Wednesday, January 23, 2008

[Higher Education] An Article From The Nation: "Repress U"

I would've gone with "Repression State" myself, but hey....

Free-speech zones. Taser guns. Hidden cameras. Data mining. A new security curriculum. Private security contractors. Welcome to the homeland security campus.

From Harvard to UCLA, the ivory tower is fast becoming the latest watchtower in Fortress America. The terror warriors, having turned their attention to "violent radicalization and homegrown terrorism prevention"--as it was recently dubbed in a House of Representatives bill of the same name--have set out to reconquer that traditional hotbed of radicalization, the university.

Building a homeland security campus and bringing the university to heel is a seven-step mission:

1. Target dissidents. As the warfare state has triggered dissent, the campus has attracted increasing scrutiny--with student protesters in the cross hairs. The government's number-one target? Peace and justice organizations.

...

2. Lock and load. Many campus police departments are morphing into heavily armed garrisons, equipped with a wide array of weaponry, from Taser stun guns and pepper guns to shotguns and semiautomatic rifles.

...

3. Keep an eye (or hundreds of them) focused on campus. Surveillance has become a boom industry nationally--one that now reaches deep into the heart of campuses.

...

4. Mine student records. Student records have in recent years been opened up to all manner of data mining for purposes of investigation, recruitment or just all-purpose tracking.

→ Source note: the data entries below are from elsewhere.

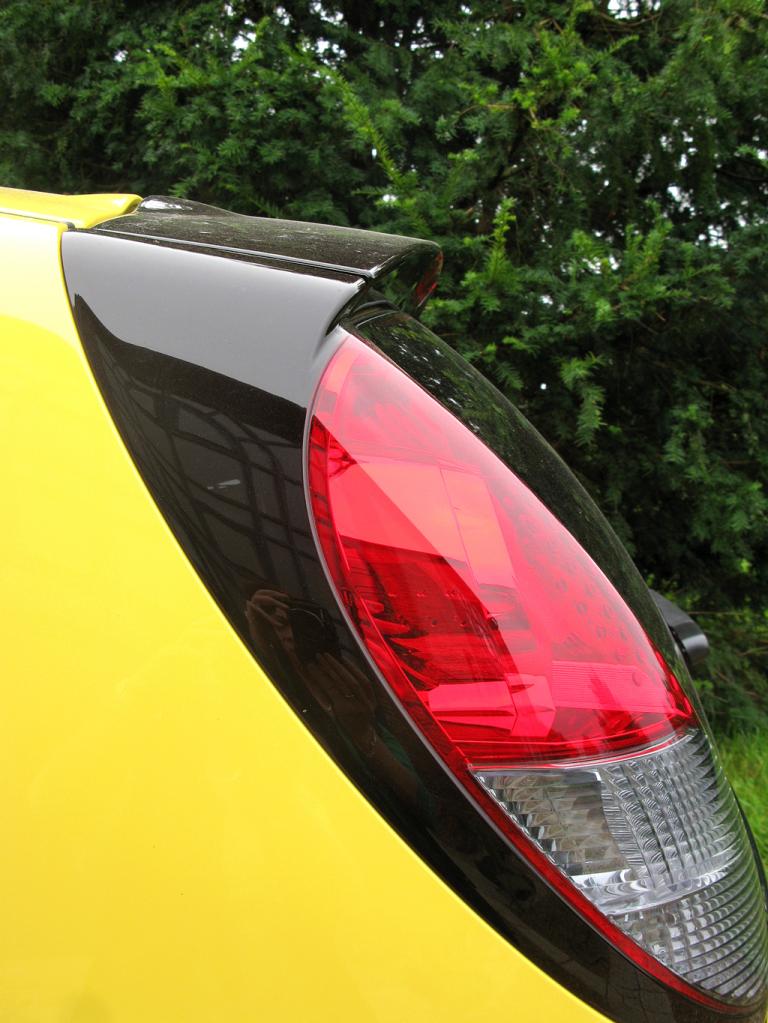 Peugeot iOn: Am Heck deutet sich ein Dachkantenspoiler an. 
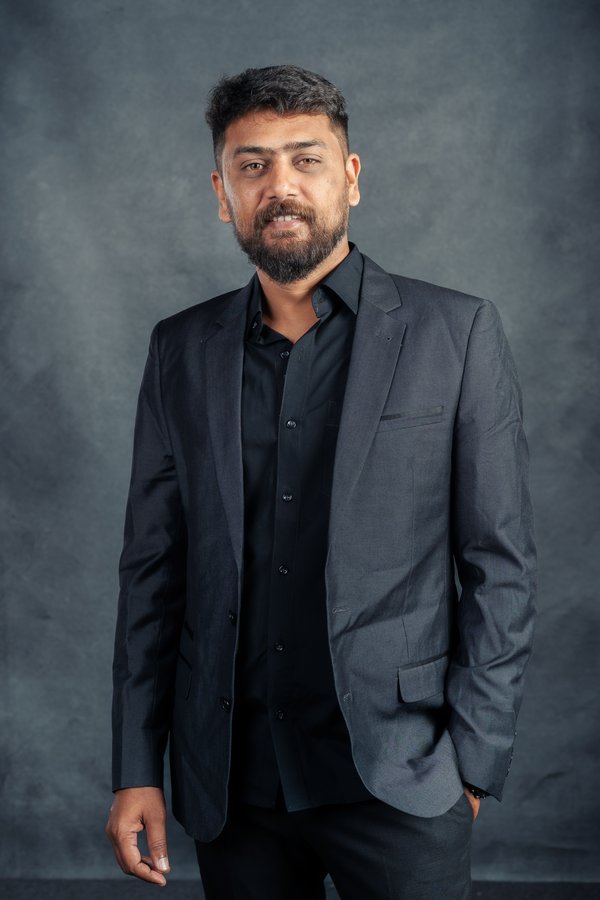 Seenivaasan Venkat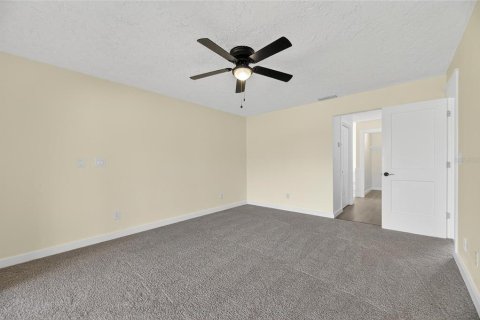 House in Plant City, Florida 3 bedrooms, 217.76 sq.m. № 1899808 - photo 28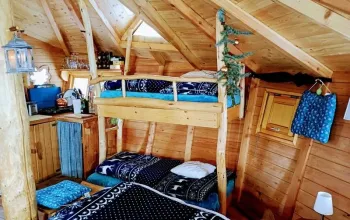 Ubytování v tree housu s vlastní saunou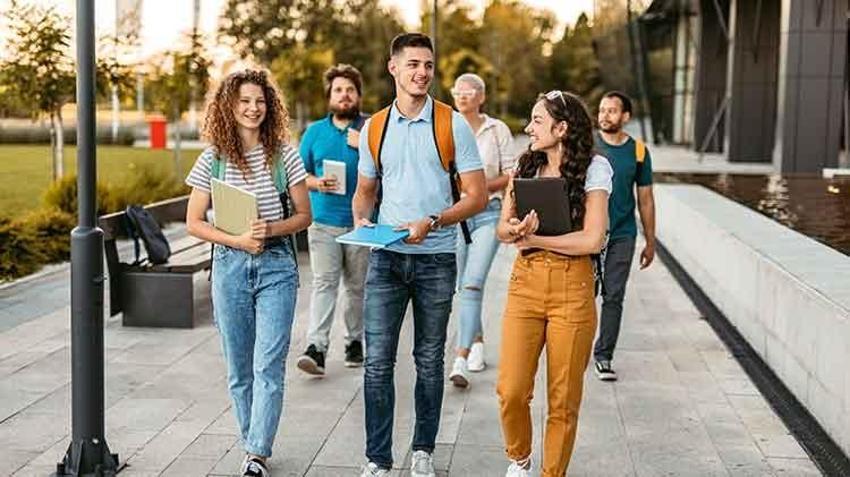 Dolandırıcıların yeni hedefi üniversiteliler oldu! SMS'le öğrencileri tuzağa düşürüyorlar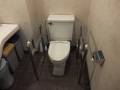 多目的トイレ。
車いすで入れますが、トイレの中でUターン出来ません。手すり便器の両側に有。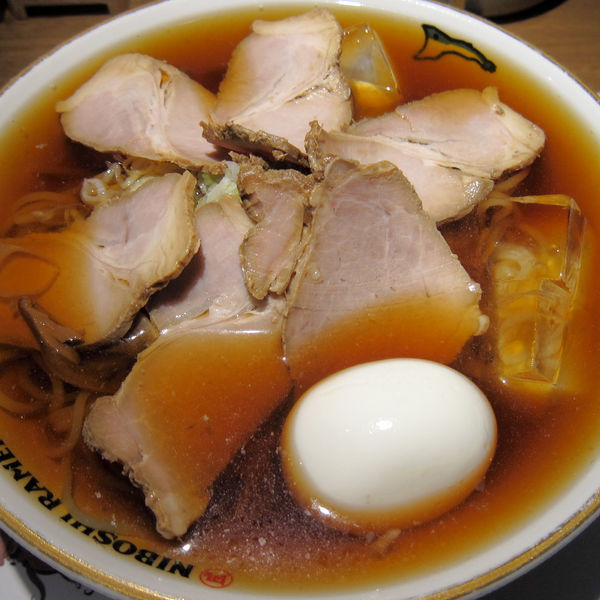 「冷やし煮干そば 880円（大盛）+ 味玉（サービス）」@すごい煮干ラーメン凪 田町店の写真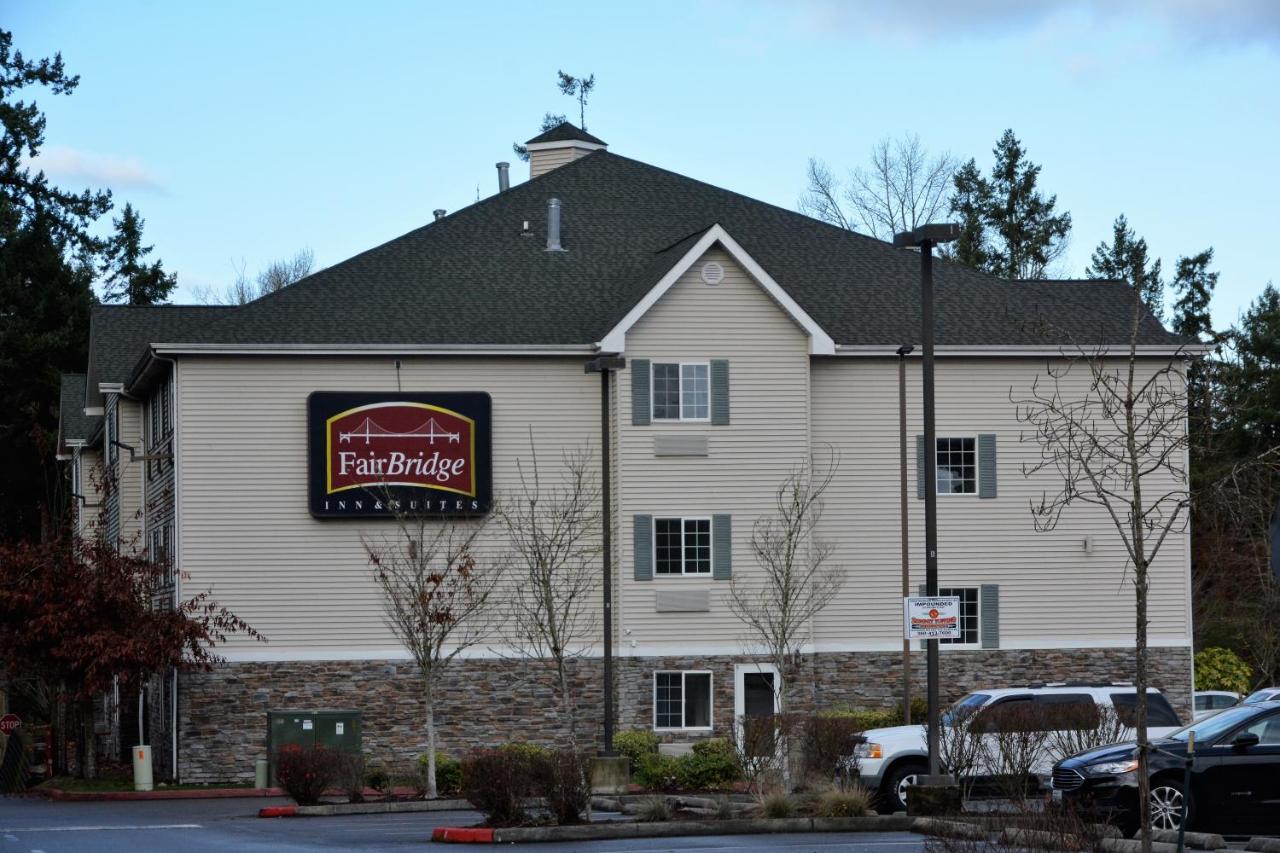 FairBridge Inn & Suites DuPont — photo 12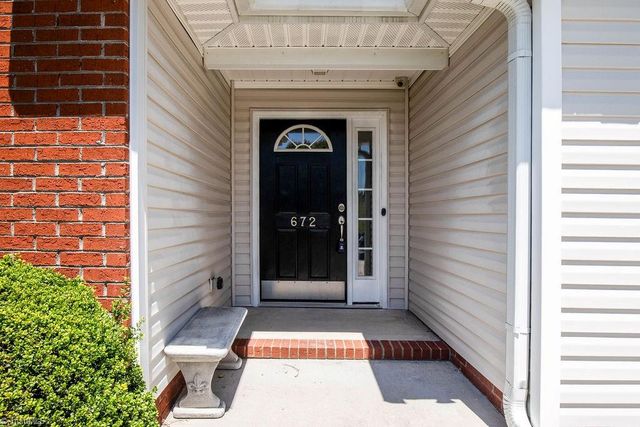 672 Chas Court, High Point, NC 27265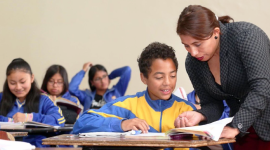 Los docentes tendrán al menos siete horas más para dedicarlas a la enseñanza, en lugar de realizar tareas administrativas.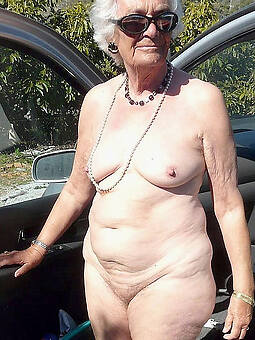 hotties naked alfresco grannies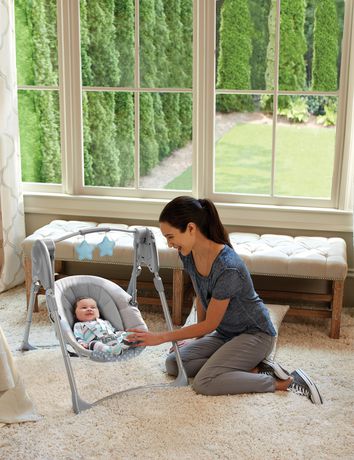 Graco-Humphry Slim Spaces Compact Swing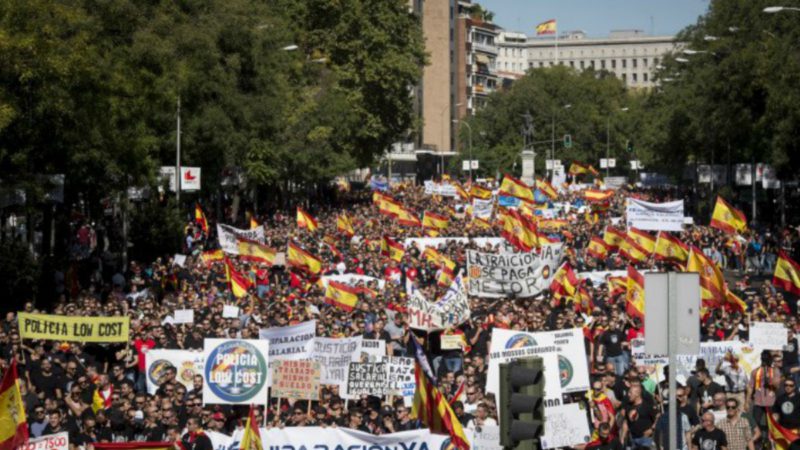 Multitudinaria manifestación por la equiparación salarial en Barcelona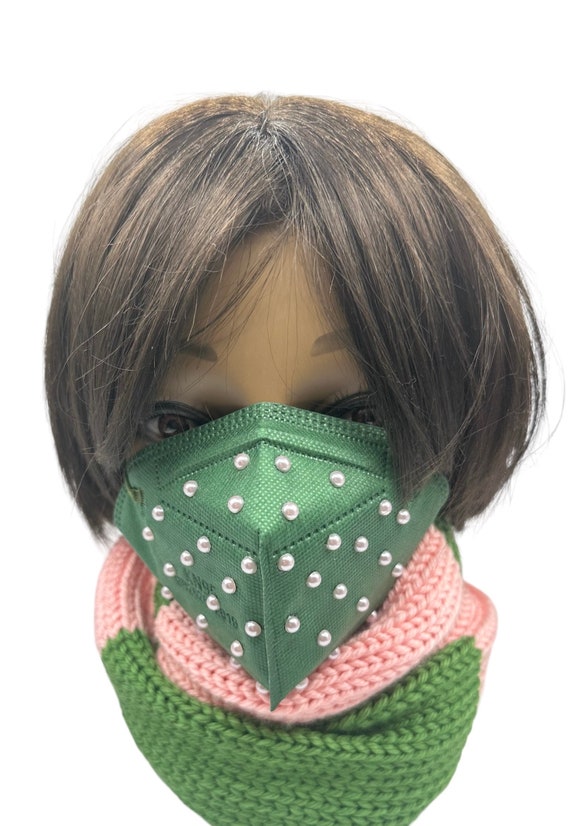 Pink and green mask, green mask/pink pearls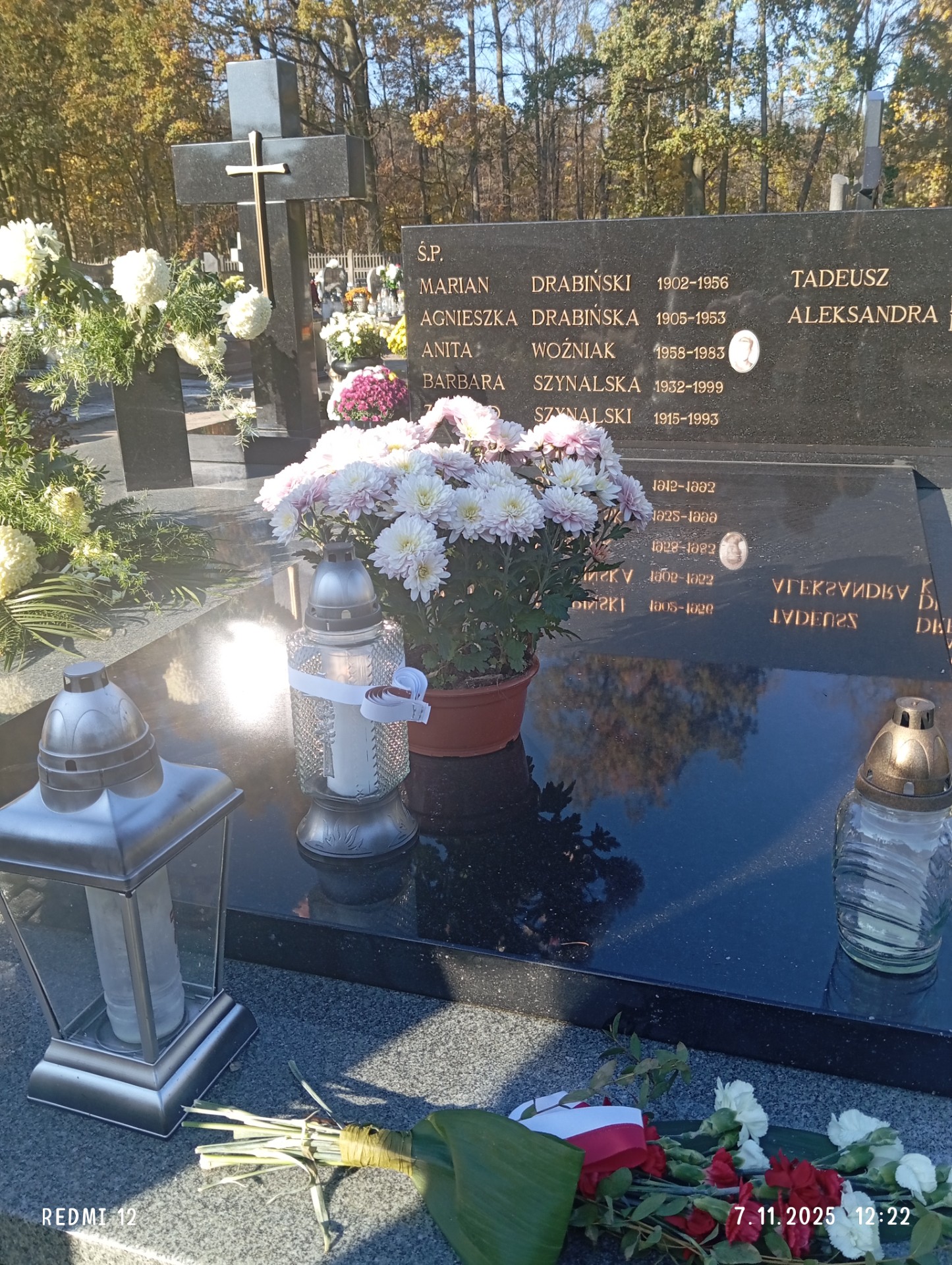 grobowiec rodzinny, na pionowej płycie imiona i nazwiska osób zmarłych, kwiaty, znicze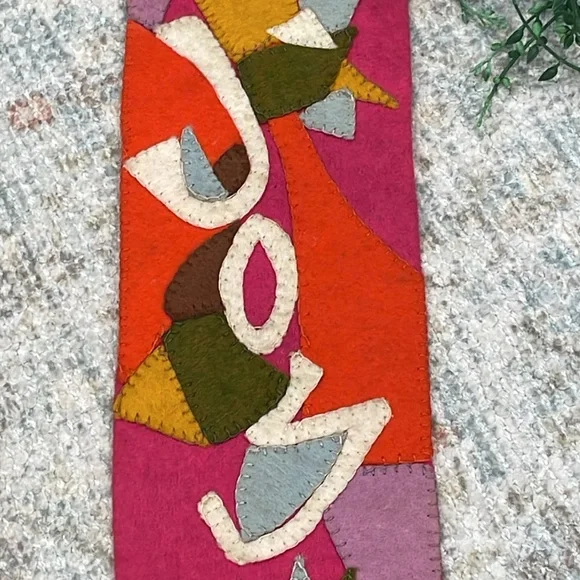 Vintage felt wall hanging - Picture 2 of 8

And so on.... click the link for the whole article; I've omitted a fairly large amount.

One of the things that makes this possible is the corporatization of the university structure. Fight that, and it becomes harder to make, say, Oregon State into Police State.

If I were faculty, I'd be fighting a lot of this under the purview of academic freedom and/or working conditions - how is free inquiry supposed to happen in such an environment?

Hint: It's not. A large part of this is really about reining in anything remotely resembling free inquiry. It has little, if anything, to do with terrorism, and a lot to do with ideology.